• ACTIVITY: Every line from the one with "Mens Luxury Stainless" to the end of the entries, both included, is to be copied exactly; the other lines stay out.

• Extracted data entries:
[Start of Attachment]

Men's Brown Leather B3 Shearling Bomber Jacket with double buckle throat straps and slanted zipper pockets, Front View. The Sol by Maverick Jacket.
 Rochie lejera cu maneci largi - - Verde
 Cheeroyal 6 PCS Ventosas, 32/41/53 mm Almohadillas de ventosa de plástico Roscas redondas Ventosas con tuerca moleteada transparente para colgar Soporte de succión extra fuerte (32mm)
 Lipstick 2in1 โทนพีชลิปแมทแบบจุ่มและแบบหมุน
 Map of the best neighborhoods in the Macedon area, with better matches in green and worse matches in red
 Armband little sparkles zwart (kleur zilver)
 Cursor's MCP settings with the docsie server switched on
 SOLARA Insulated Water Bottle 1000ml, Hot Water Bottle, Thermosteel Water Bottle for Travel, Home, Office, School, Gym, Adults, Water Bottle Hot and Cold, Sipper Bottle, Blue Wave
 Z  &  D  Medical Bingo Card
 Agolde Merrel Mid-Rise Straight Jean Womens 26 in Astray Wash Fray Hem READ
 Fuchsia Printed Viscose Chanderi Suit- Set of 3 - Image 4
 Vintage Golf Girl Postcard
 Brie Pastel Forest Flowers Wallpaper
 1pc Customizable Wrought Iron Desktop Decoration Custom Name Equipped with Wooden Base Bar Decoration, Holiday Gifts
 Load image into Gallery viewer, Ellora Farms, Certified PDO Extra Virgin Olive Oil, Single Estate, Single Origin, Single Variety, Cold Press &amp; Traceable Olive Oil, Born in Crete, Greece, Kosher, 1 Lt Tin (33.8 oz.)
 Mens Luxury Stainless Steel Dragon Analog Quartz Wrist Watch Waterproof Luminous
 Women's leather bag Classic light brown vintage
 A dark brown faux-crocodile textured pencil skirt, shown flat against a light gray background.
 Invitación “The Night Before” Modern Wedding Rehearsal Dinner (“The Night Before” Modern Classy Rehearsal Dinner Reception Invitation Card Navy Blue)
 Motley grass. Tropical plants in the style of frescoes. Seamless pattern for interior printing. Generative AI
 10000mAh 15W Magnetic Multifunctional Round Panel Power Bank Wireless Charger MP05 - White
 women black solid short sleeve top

[End of Attachment]

• OUTPUT FOR THIS EXERCISE:
 Mens Luxury Stainless Steel Dragon Analog Quartz Wrist Watch Waterproof Luminous
 Women's leather bag Classic light brown vintage
 A dark brown faux-crocodile textured pencil skirt, shown flat against a light gray background.
 Invitación “The Night Before” Modern Wedding Rehearsal Dinner (“The Night Before” Modern Classy Rehearsal Dinner Reception Invitation Card Navy Blue)
 Motley grass. Tropical plants in the style of frescoes. Seamless pattern for interior printing. Generative AI
 10000mAh 15W Magnetic Multifunctional Round Panel Power Bank Wireless Charger MP05 - White
 women black solid short sleeve top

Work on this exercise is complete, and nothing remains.